> [HOW TO COMPLETE THIS TASK]: Take the line with "bigCover of the book Master of Fire by" and every line after it, through the end of the listing, and give them again exactly, pictures excluded.

> [EXTRACTED DATA]:
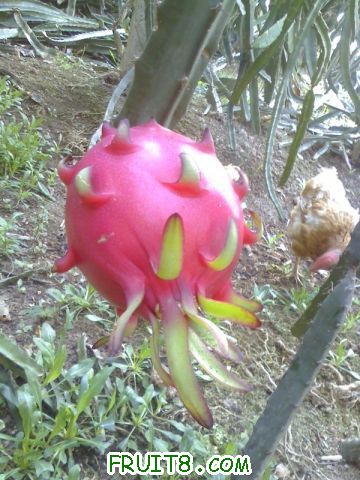 Ƭ 004.jpg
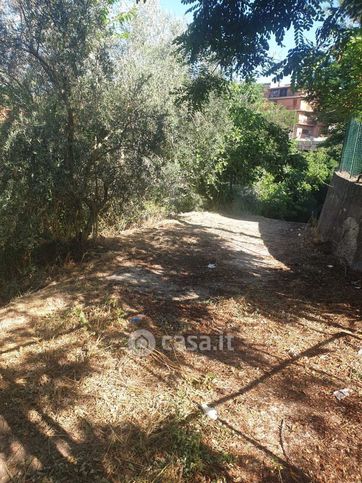 Terreno agricolo in commerciale in Via Giulio Roncacci 1
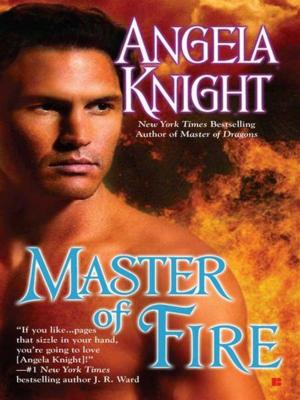 bigCover of the book Master of Fire by 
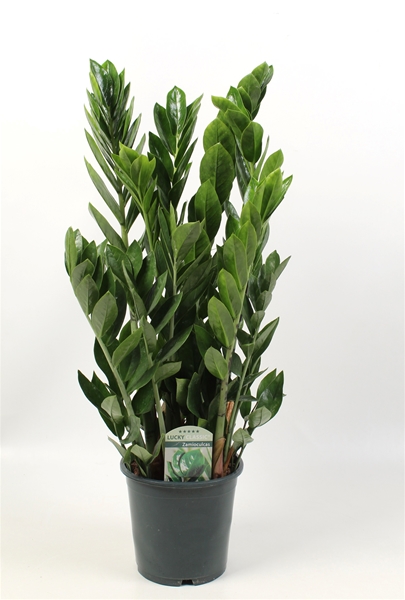 Zamioculcas Zamiifolia 7+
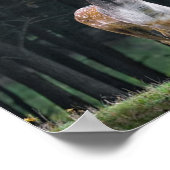 鹿 ポスター (角)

> [TASK RESPONSE]:
 bigCover of the book Master of Fire by 
 Zamioculcas Zamiifolia 7+
 鹿 ポスター (角)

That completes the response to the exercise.